TASK TO CARRY OUT:
Copy word for word the line containing "Drivers benefit by" together with all lines following it to the end of the listing below, without the pictures.

═════ MATERIAL SUPPLIED

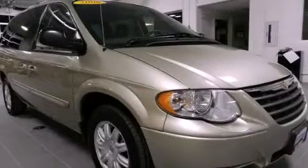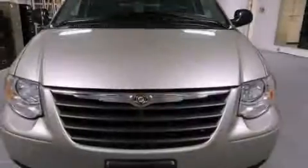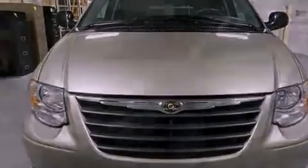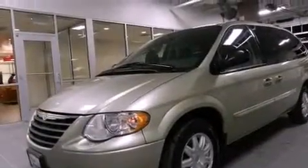This is a 2006 Chrysler Town & Country — the vehicle with enough space for you and yours. It has a six-cylinder engine and a four-speed automatic transmission.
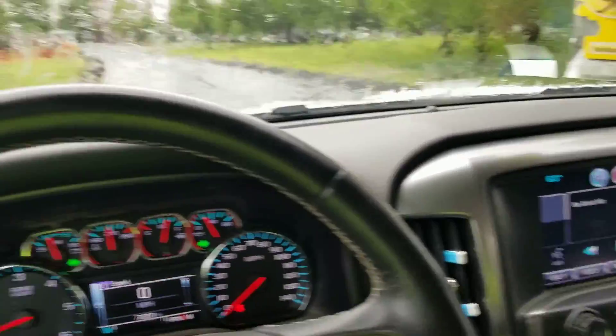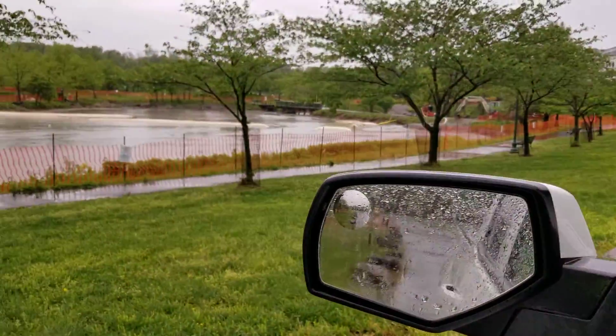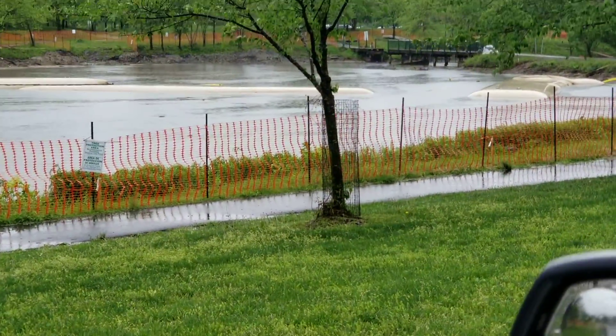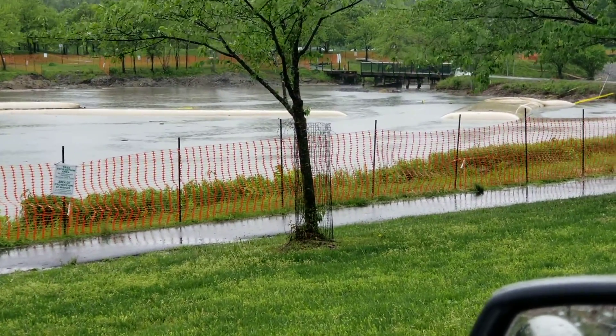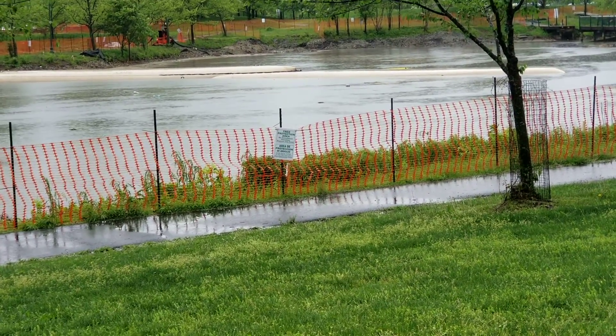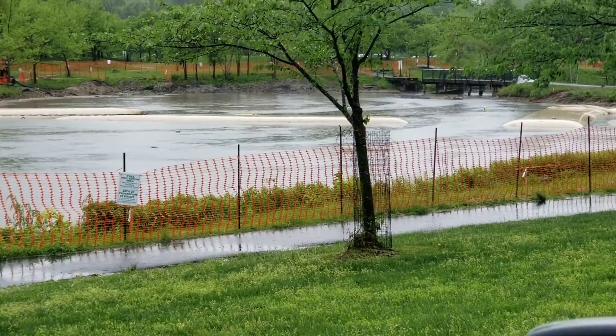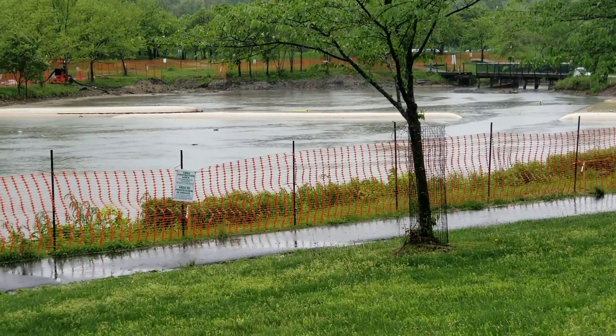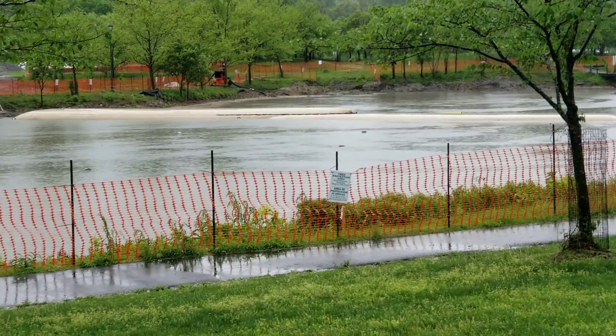Look at that — that whole cofferdam has moved, come completely out from underneath the other one and it's drifting off. The only thing holding it is that cable — that one little stretch ratchet, couple ratchets — keeping it from floating away.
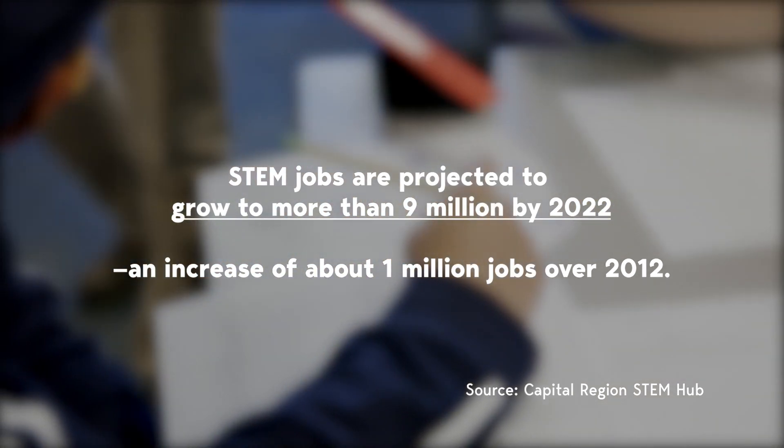Students start in ninth grade and they meet with companies that actually employ some of the pathways and careers that they're interested in. They get to do some shadowing and field trips. After ninth grade, they get assigned a mentor who meets with them on a regular basis and becomes that link to the industry, so students know what they're getting into when they are choosing this pathway.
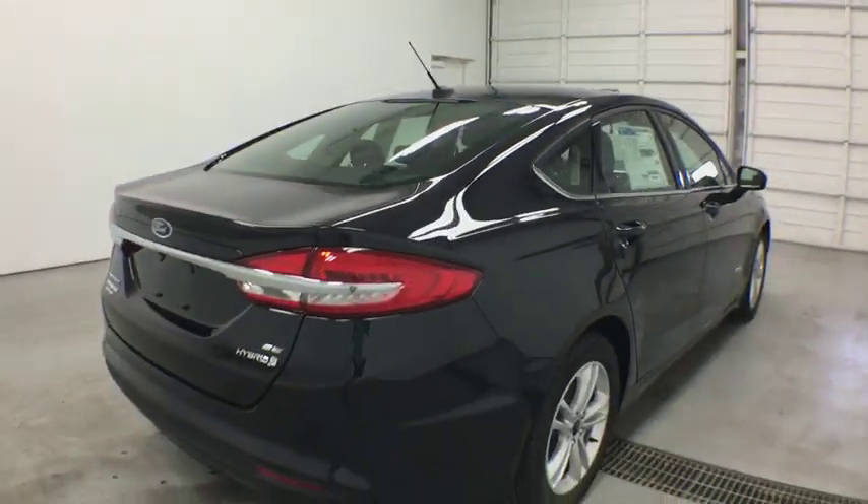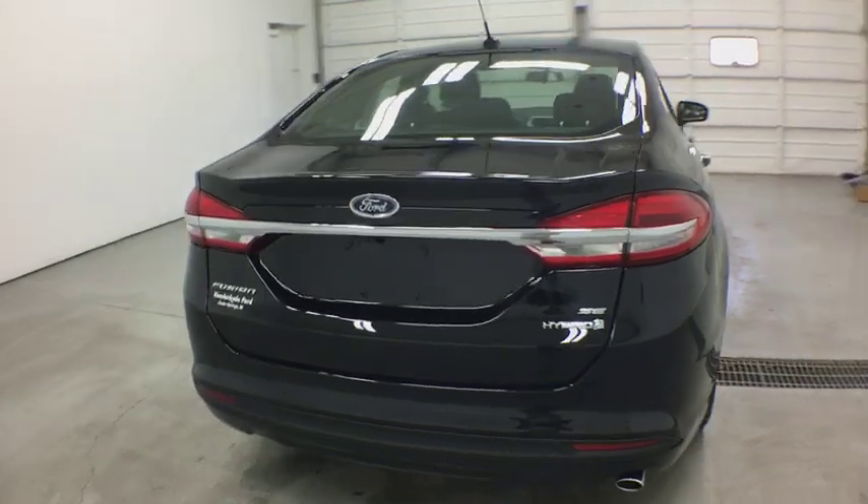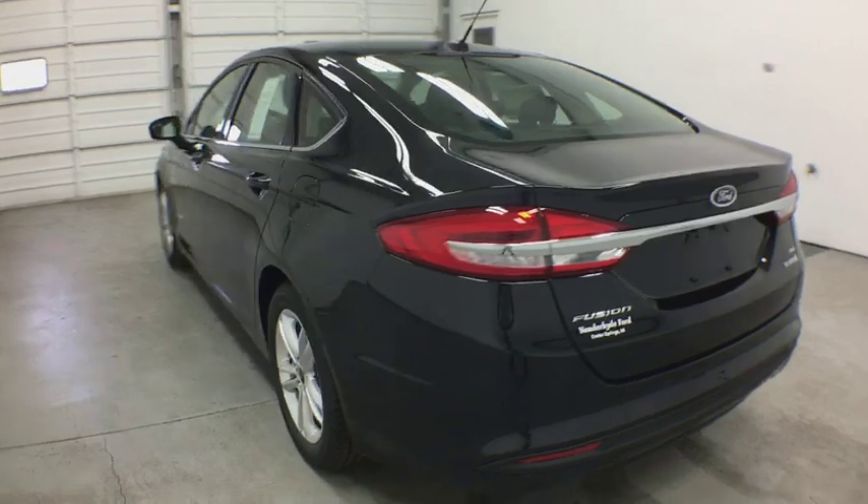Power steering. Keyless start. Cruise control. Floor mats. Four-wheel disc brakes. Aluminum wheels. AM-FM stereo radio. Climate control. Front-wheel drive. Rear defrost.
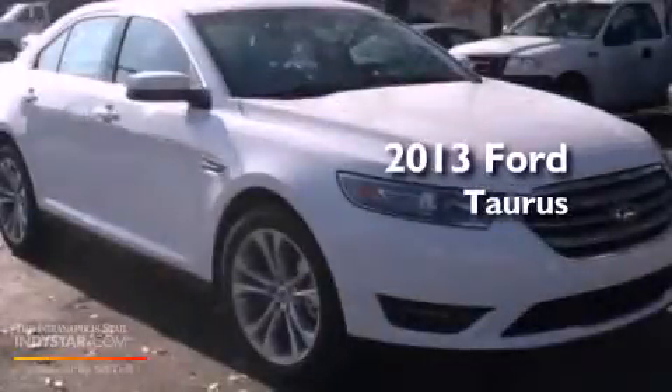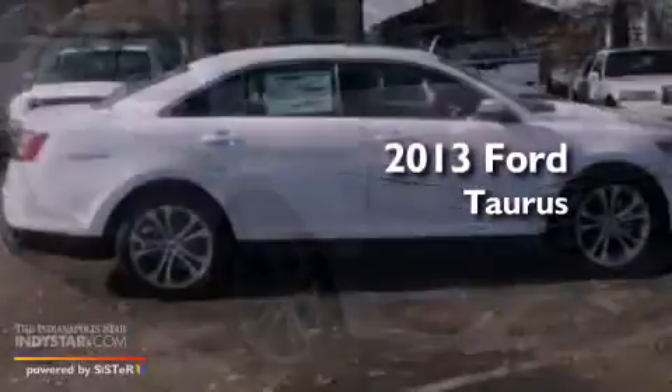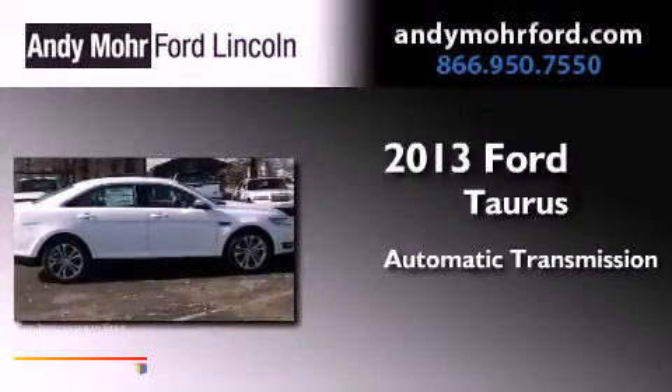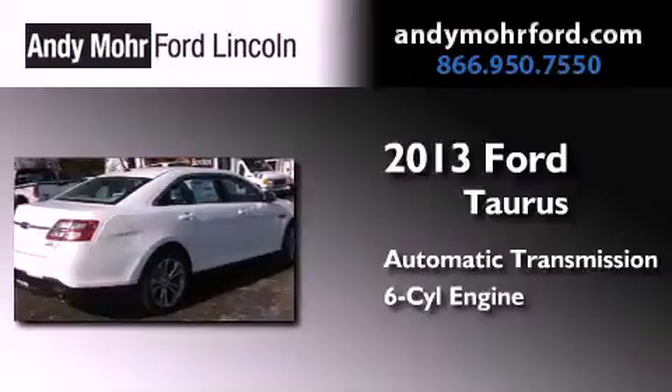This is a brand new 2013 Ford Taurus. This four-door sedan has an automatic transmission and a 3.5 liter V6.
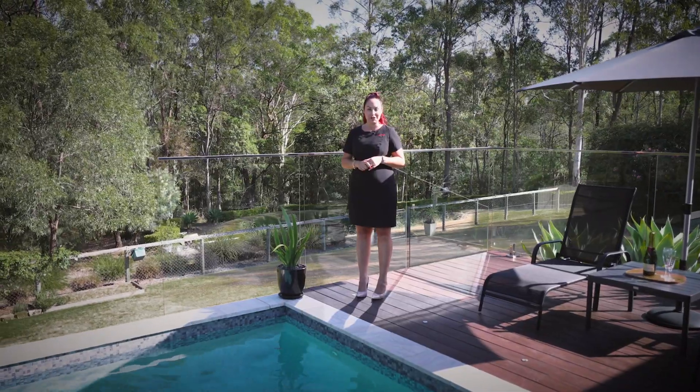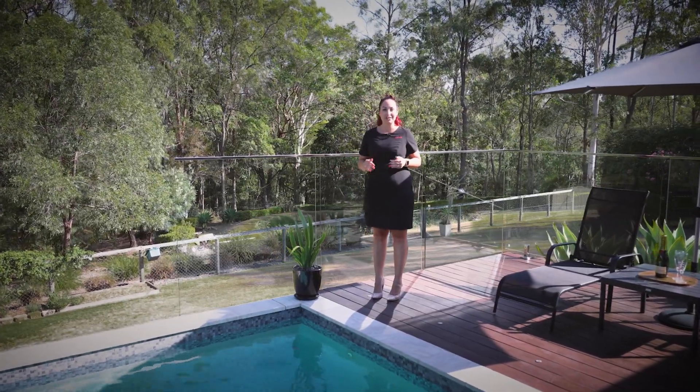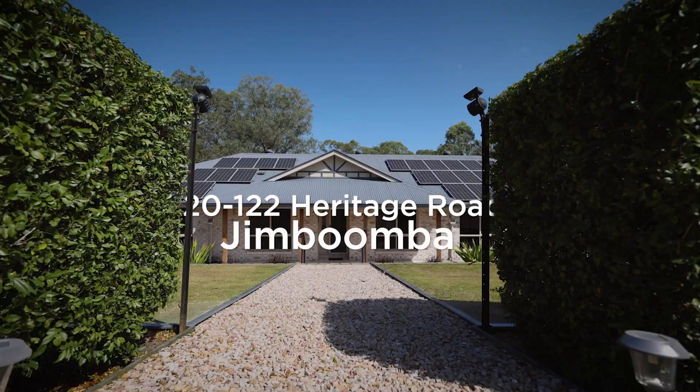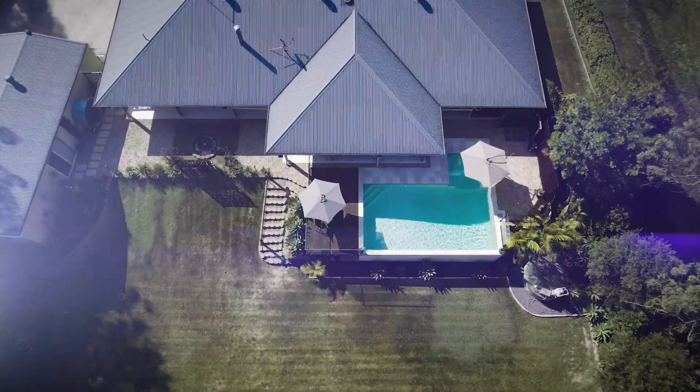Welcome to 120 to 122 Heritage Road, Jimboomba. If you are looking for the ultimate lifestyle, this property is a must-see. This well-manicured one and a half acres here in Jimboomba will give you and your family the lifestyle you've been looking for.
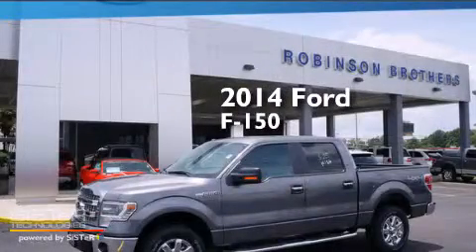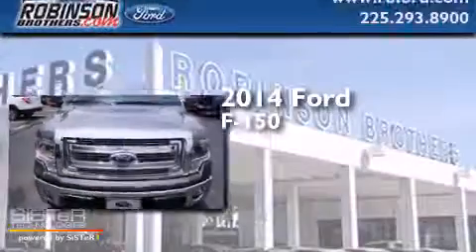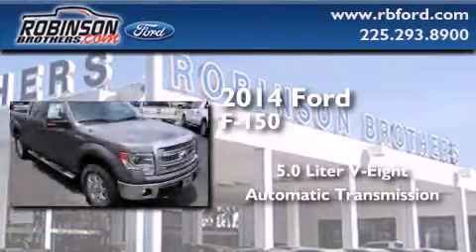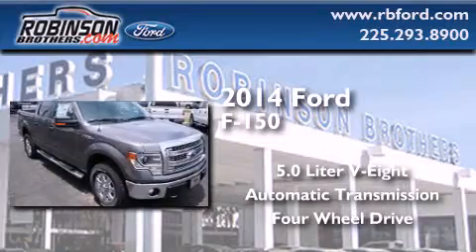This is a brand new 2014 Ford F-150. It has a 5.0 liter 8-cylinder engine, an automatic transmission, and the added safety and control of 4-wheel drive.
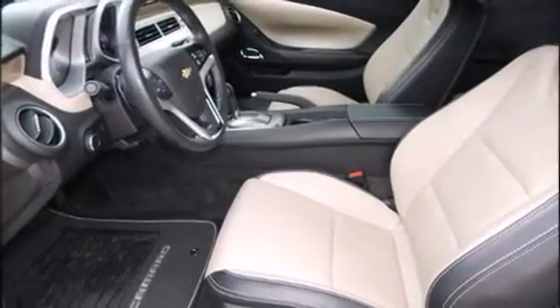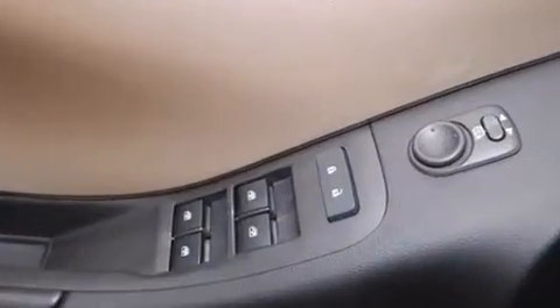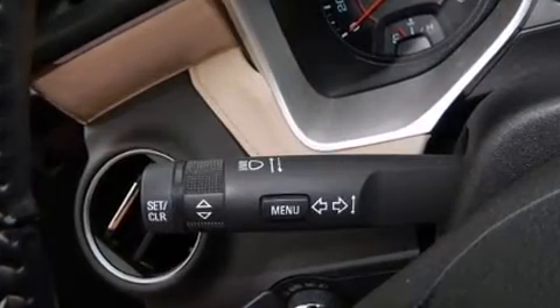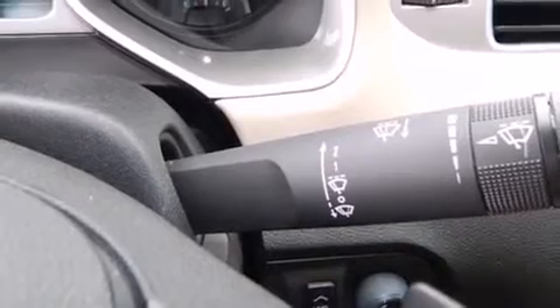Drivers benefit by not having to take their eyes off the road. Premium sound drives nine speakers, providing you and your passengers a sensational audio experience.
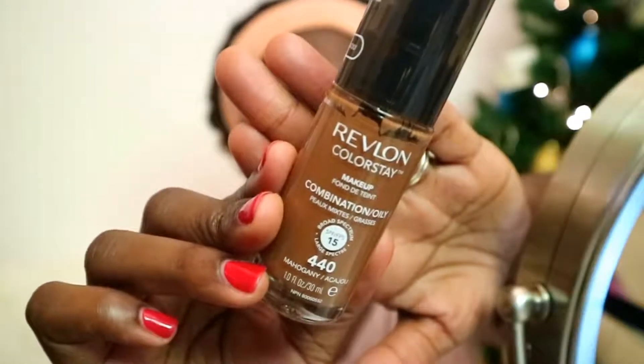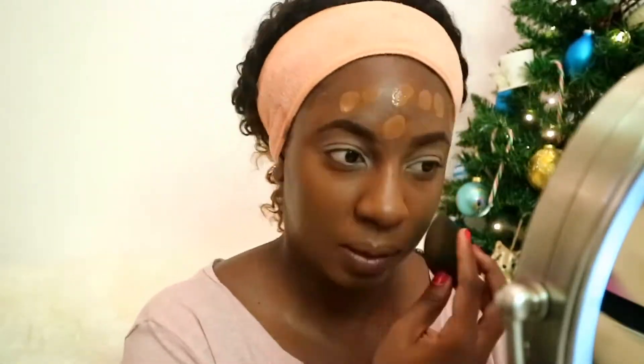Using a slightly damp beauty blender, I'm going to blend that all in. Now with that done, I go ahead and put the foundation on — I'll be right back after I blend it. Now my foundation is blended all the way, it's a nice and even canvas. I don't see much pigmentation coming through, which is a good thing. I'm going to highlight underneath my eyes using my favorite concealer from Maybelline Fit Me in the color Cafe 30 — it's a really good under-eye concealer.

══════════

ANSWER FOR THE TASK:
Drivers benefit by not having to take their eyes off the road. Premium sound drives nine speakers, providing you and your passengers a sensational audio experience.
Using a slightly damp beauty blender, I'm going to blend that all in. Now with that done, I go ahead and put the foundation on — I'll be right back after I blend it. Now my foundation is blended all the way, it's a nice and even canvas. I don't see much pigmentation coming through, which is a good thing. I'm going to highlight underneath my eyes using my favorite concealer from Maybelline Fit Me in the color Cafe 30 — it's a really good under-eye concealer.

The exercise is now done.